Effective monitoring can bring many benefits to your business, such as:

Greater agility in solving problems,
Identifying instabilities and high-volume transaction spikes;
And having better data control.

On the other hand, open-source tools don’t do the job alone. When developing APIs and web applications, it is necessary to consider how to make operational, tactical, and strategic metrics available in a specific format supported natively by Prometheus [1][2] [3].

Deciding which metrics to expose does not have to be the sole decision of the software development teams. The support and operation teams, customer success, consultancy, product owner, managers, directors, and other people involved in the continuity of the business should also give their opinion on what data should be monitored and viewed in dashboards and reports. Realize that monitoring goes beyond simply worrying about the availability of APIs and web applications. Well-planned monitoring can contribute to insights and analysis that over time can result in the development of new features, products, or bug fixes.

Let’s review these open-source monitoring tools and their abilities.
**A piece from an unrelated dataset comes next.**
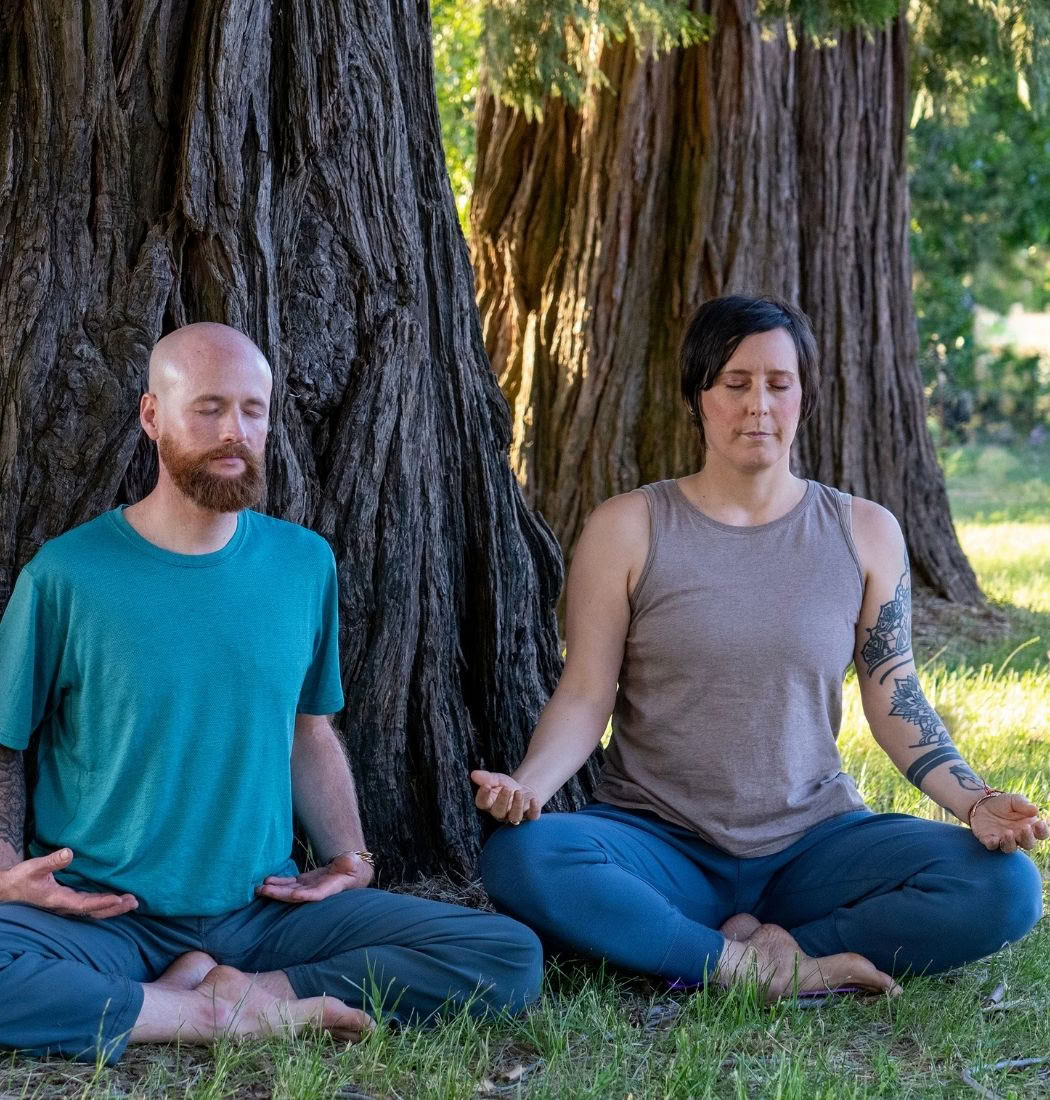 Foundations of Ananda Yoga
Here is a brief description of each one:

Prometheus: a system for collecting metrics of applications and services for storage in a time series database. It is very efficient.
AlertManager: works in an integrated way with Prometheus to assess alert rules and send notifications by email, Jira, Slack, and other supported systems.
Grafana: an analysis and observability solution that supports several log and metrics collection systems. When it’s integrated with Prometheus, Grafana displays metrics in elegant and useful dashboards for different areas of an organization.
Prometheus-Operator: software to simplify and automate the installation and configuration of Prometheus, AlertManager, Grafana, and exporters in Kubernetes clusters [4].
VictoriaMetrics: a fast, cost-effective, and scalable time-series database and monitoring solution. But in our case, it is used for long-term and centralized storage of the metrics collected by different Prometheis servers (the plural form of Prometheus).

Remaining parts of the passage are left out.